We land at Paris, I immediately I realize what it’s going to be like dragging a 50lb box around the trains and subways. The box keeps steering to the right so I have to give it a jerk every few feet to hold my line. Oh, and the Paris metro has precious few escalators. I’m mostly hoofing this thing up and down stairs. We find our hotel, and I I can even fit into the laughably small elevator, though with my backpack on I have to back into it and lean further back to close the door.

We sightsee in Paris for three days, and average, according to my wife’s pedometer, 15 miles a day on foot. There is a packet pickup the day before the ride starts and I set off in the rain through the Paris suburbs to St Quentin, where the ride starts. As far as I can tell there is not a single straight road in the SW suburbs of Paris, and I only saw 4 intersections where 2 roads cross at a 90 degree angle. Even though it is raining, I am on my bike, riding along the Seine toward Versailles.

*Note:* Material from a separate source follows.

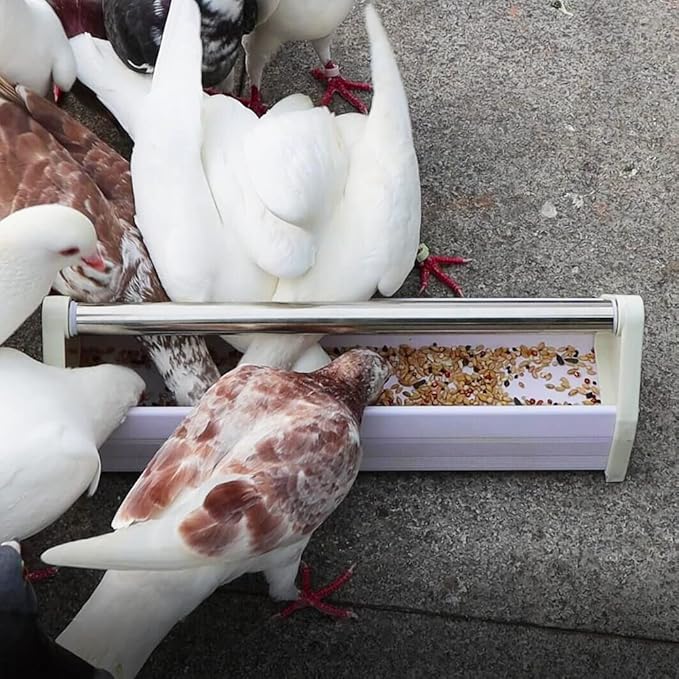 2 Pcs Pigeon Feeder Durable Reinforced Plastic Food Box Feeding Dish Storage Trough for Bird Pigeon Parrot Duck Home Poultry (Length: 15.5")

Or maybe I am totally lost. The map that I printed from mapquest before I left is completely inadequate. What I really want is one of those Michelin maps that doubles as a tent if you need it to. I’m riding along wondering where in the hell I should turn, and look up to see another cyclist in a bus shelter, studying a map. Nobody else is out this early on Sunday morning, so I wheel up. He asks my something in French, which does not mean a thing to me (I know a tiny bit of German and French, more Spanish, and took 2 years of Latin in high school).

It turns out my savior is from California, and is much more prepared than me. First, he knows more french. Second, he printed the map and directions. We manage to make it to Versailles with only a few wrong turns, and as we roll along more and more cyclists join up. Soon I am in a pack of 30 or so and I really hope somebody knows where we’re going. Somebody does and we get to the sports complex where the ride will start the next evening. There are bikes everywhere, packet pick-up is a breeze, I even get a free waterbottle. The rain quits and I manage to make it straight back to the hotel.

Tommorrow at 8pm the ride will start.